The quality rating forms rated the reporting completeness and clarity, external validity, internal validity, and the power or precision of each study for the relevant key questions. Hence, the ratings refer to the usefulness or quality of the article for our purposes and not necessarily for the original purpose of the research or article. Studies that were included in more than one key question were rated separately for each key question. The specific quality items rated are described in more detail in Chapters 3, 4, and 5 for KQs 1, 2, and 3, respectively.

The senior abstractor completed the quality rating form for each article; another project team member then reviewed the completed form for accuracy and completeness. The overall quality scores of these articles are recorded in the evidence tables (Appendix C); scores on each of the domains are provided in Chapters 3, 4, and 5. All graded studies were included in the analysis regardless of their quality score. However, evidence from studies graded as poor were given less weight in the qualitative and quantitative syntheses and discussion.

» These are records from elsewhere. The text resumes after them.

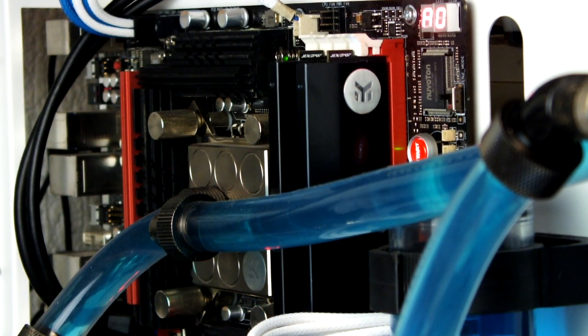We hope you enjoyed our assembly guide and overview. When our EK water block arrives we will show you a second part to this guide. Links to the product can be found in the description, and if you like this video please subscribe for more videos at rigmods.com.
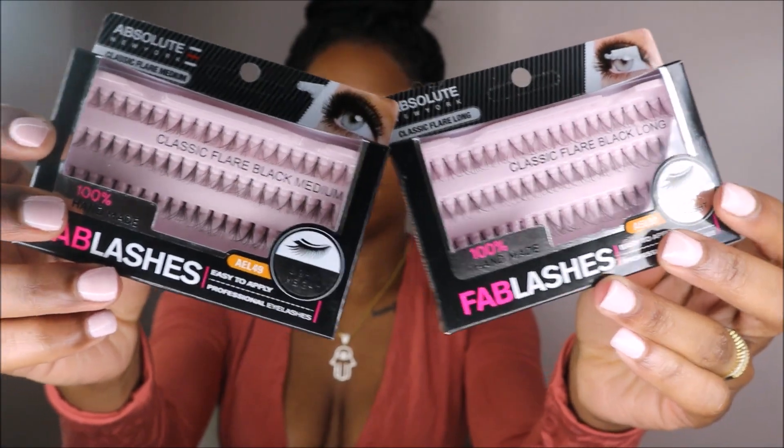I'm going to be showing you guys how you can do your own lash extensions at home, especially if you're a beginner like myself. The best part about it is I only spent seven dollars, so if you want to see how I achieve this look, just keep on watching. Here are the lashes I'll be using for today's tutorial.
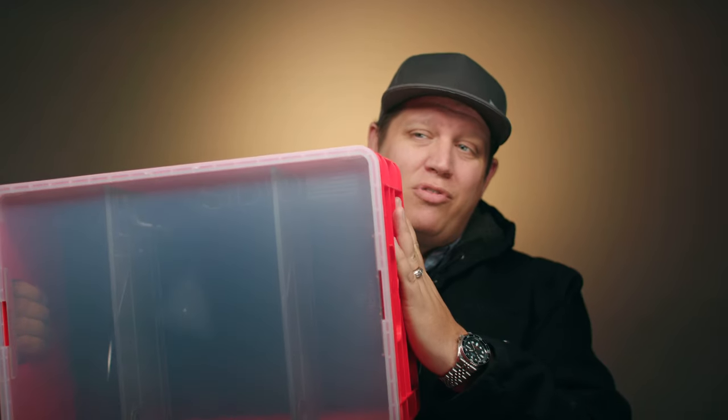Levi here with Uphill Cinema. Today we're going to talk about storage and how these awesome crates by Sidio Crates have really helped with my grab-and-go gear and organizing in general. Let's talk about these bad boys.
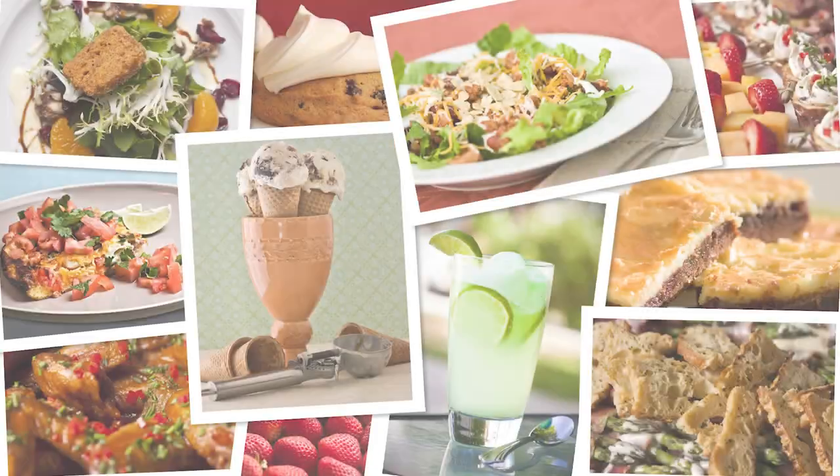Hey folks, I am here with Cassidy, the plant maven behind Succulents and Sunshine. Before she was into succulents, she was a professional photographer. She went to school for photography and loved photographing food because it stays in one place. That translated really well to photographing succulents — she thought they were cool, very photogenic, and great to photograph. That's where she made the transition into succulents and now Succulents and Sunshine.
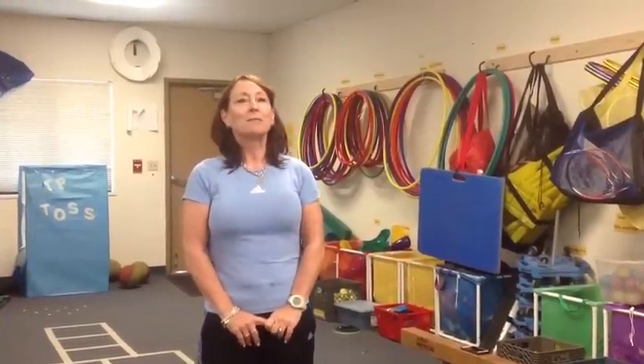Welcome to the Adapted PE Channel. My name is Gina Allen and today we're going to learn about hula hoop skills.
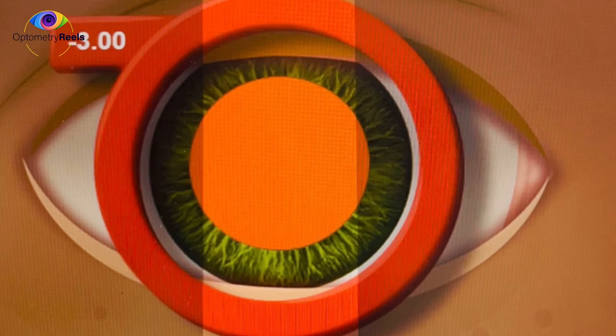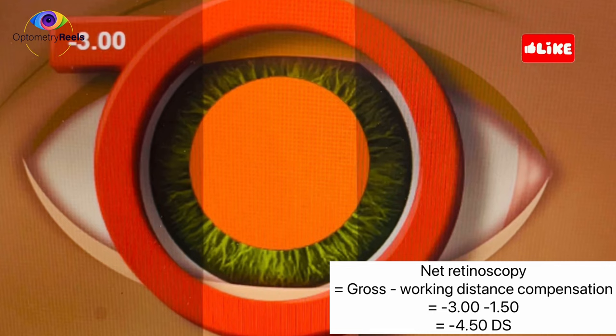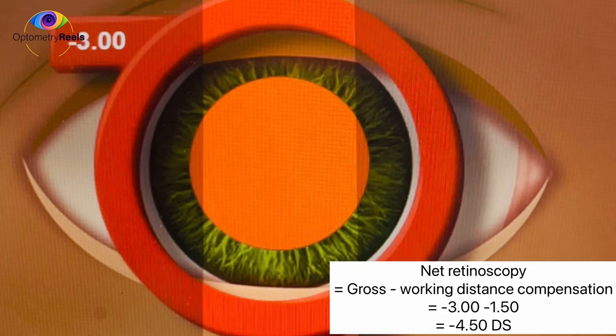Again, to get the net value of the retinoscopy, we compensate for our working distance. My working distance is 67 centimeters, so I deduct minus 1.5 diopters. Minus 3.00 plus minus 1.5 gives a net retinoscopy value of minus 4.50 diopters sphere.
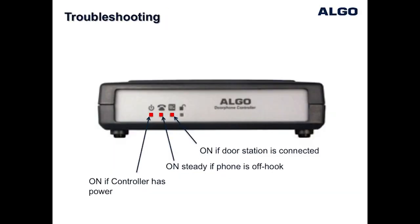The Algo door phone control unit has LED indicators, which can be helpful for troubleshooting. If the telephone communicating with the door phone is off-hook, you should see three LEDs on, as indicated.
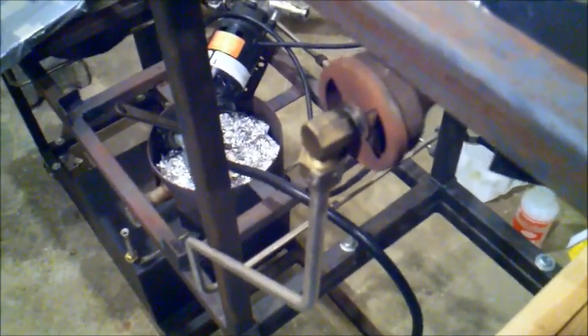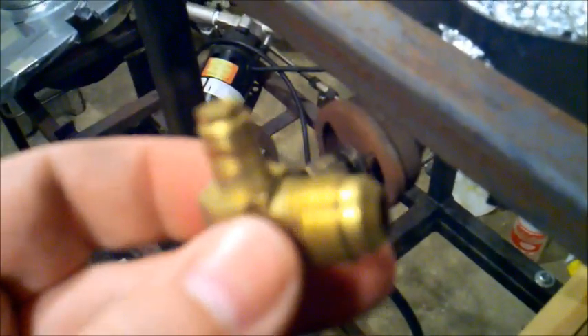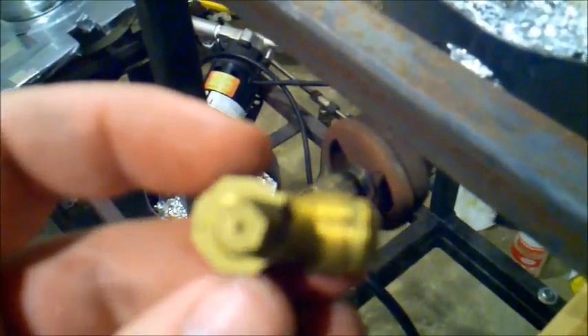This is how the orifice looks right now. Same piece. Take it out.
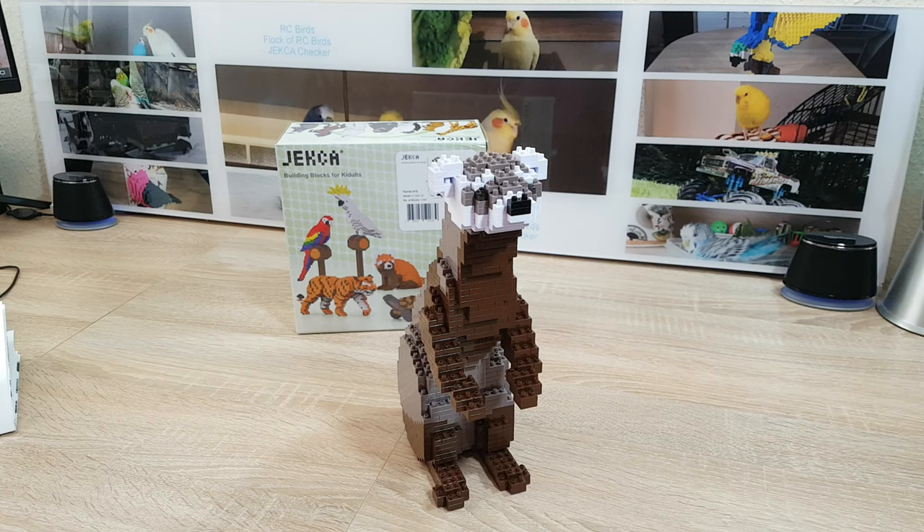Hello and welcome to Jekka Jekka, and thanks for stopping by. This is my review on the Jekka Sculpture Ferret.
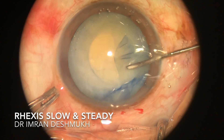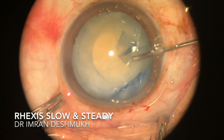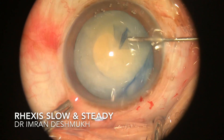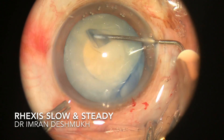Slowly drag the anterior capsule in a way that you get a round, circular rhexis of at least 5.5 mm. Don't worry if the rhexis is small because you can enlarge it later at any time. Be slow, be gentle, and take your time.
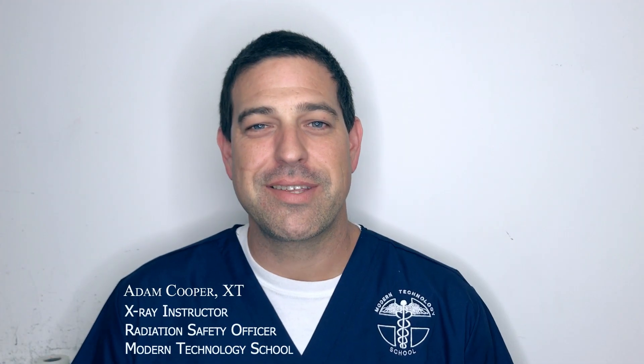Hi, my name is Adam Cooper. I'm an x-ray technician and a radiation safety officer at Modern Technology School here in Fountain Valley.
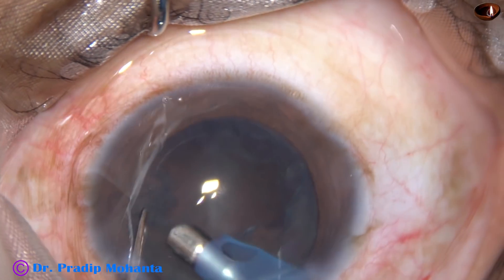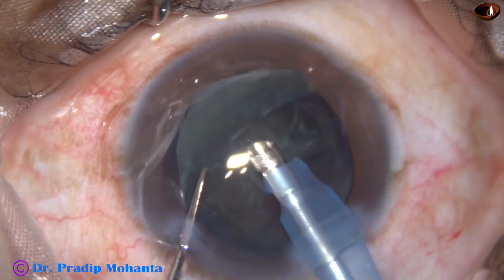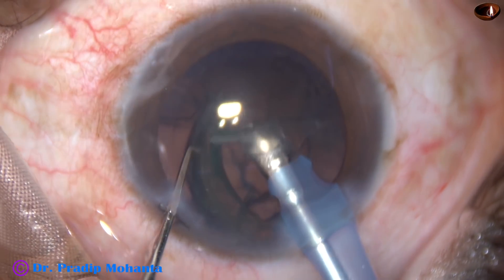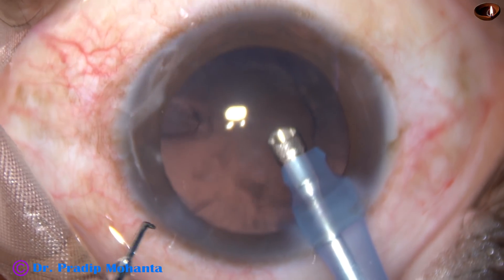You must be very cautious at this time. Very minimal vacuum should be used. The foot control should be managed carefully, and the epi-nucleus is removed.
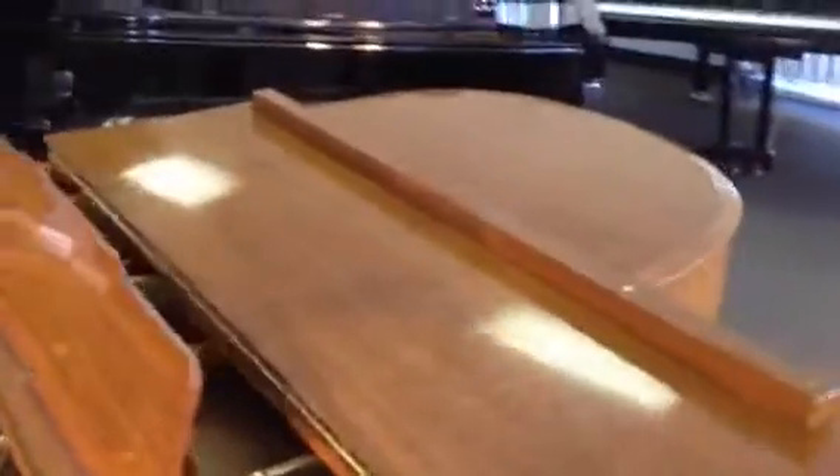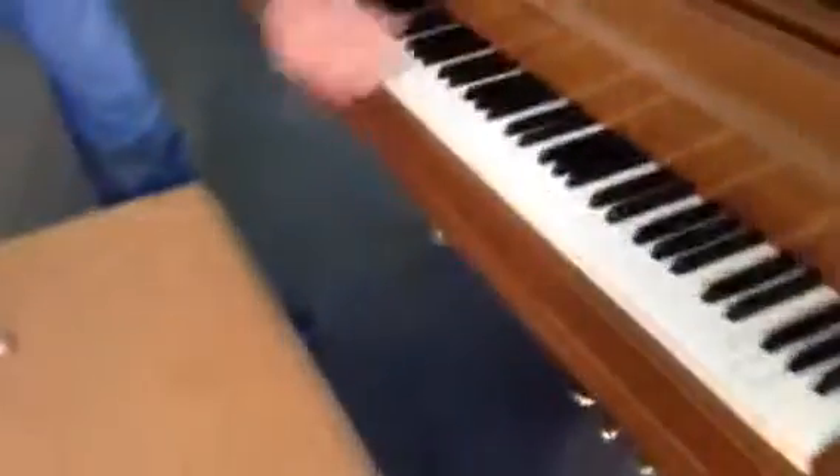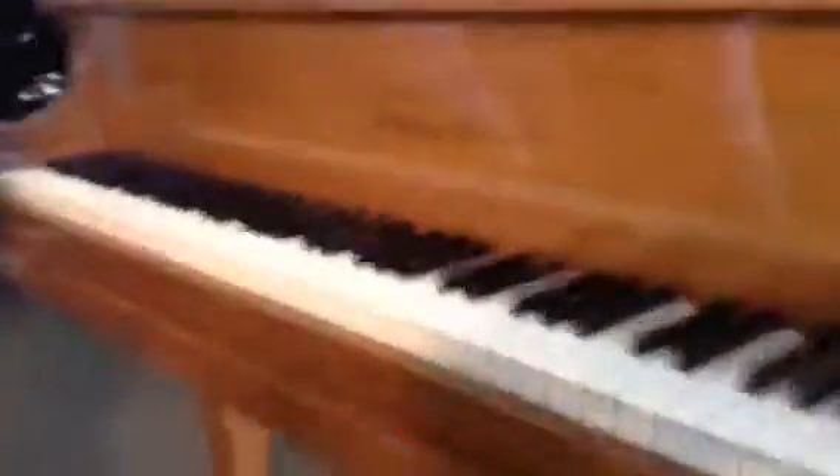Look at the top here too. We can zoom in here on the decal. We saved the original decal, clear-coated over it. Beautiful reflection. Let's just play a little bit of it.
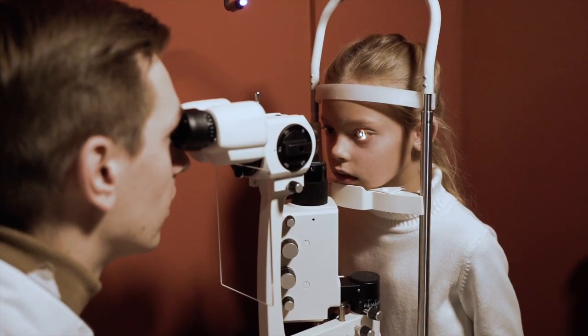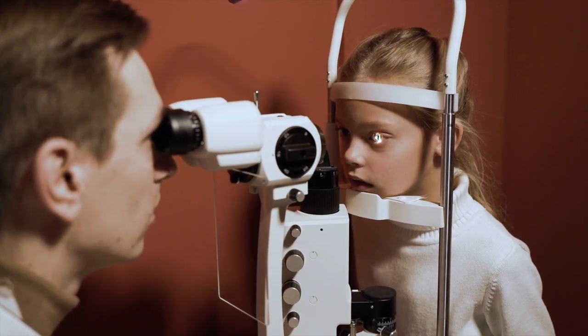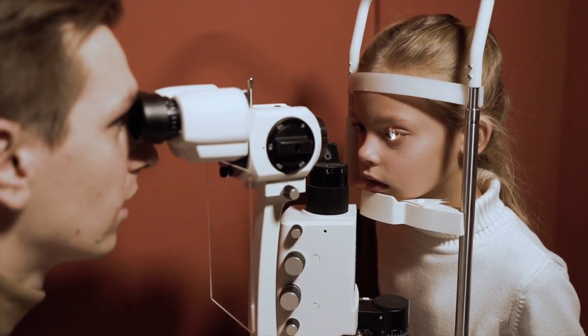Slit lamp examination of the anterior segment must be performed. Eye care practitioners use a microscope-like device to get a detailed magnified view of the eye and its structures. Sometimes conditions like pinguecula could be present before wearing contact lenses, which you may otherwise confuse as having occurred after wearing lenses.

Strength of Overall Evidence

In addition to the individual studies, we also rated the strength of the collective evidence on each key question. We applied four separate criteria: (1) number of studies, (2) aggregate sample sizes over the studies, (3) quality of the individual studies, and (4) representativeness of the study populations in the studies.

External Peer Review

As is customary for all evidence reports and systematic reviews done for AHRQ, the RTI-UNC EPC requested review of this report from a wide array of outside experts in the field and from relevant professional societies and public organizations. AHRQ has also requested review from its own staff and appropriate federal agencies. We provide a list of the external peer reviewers in Appendix E. This report reflects substantive and editorial comments from this external peer review.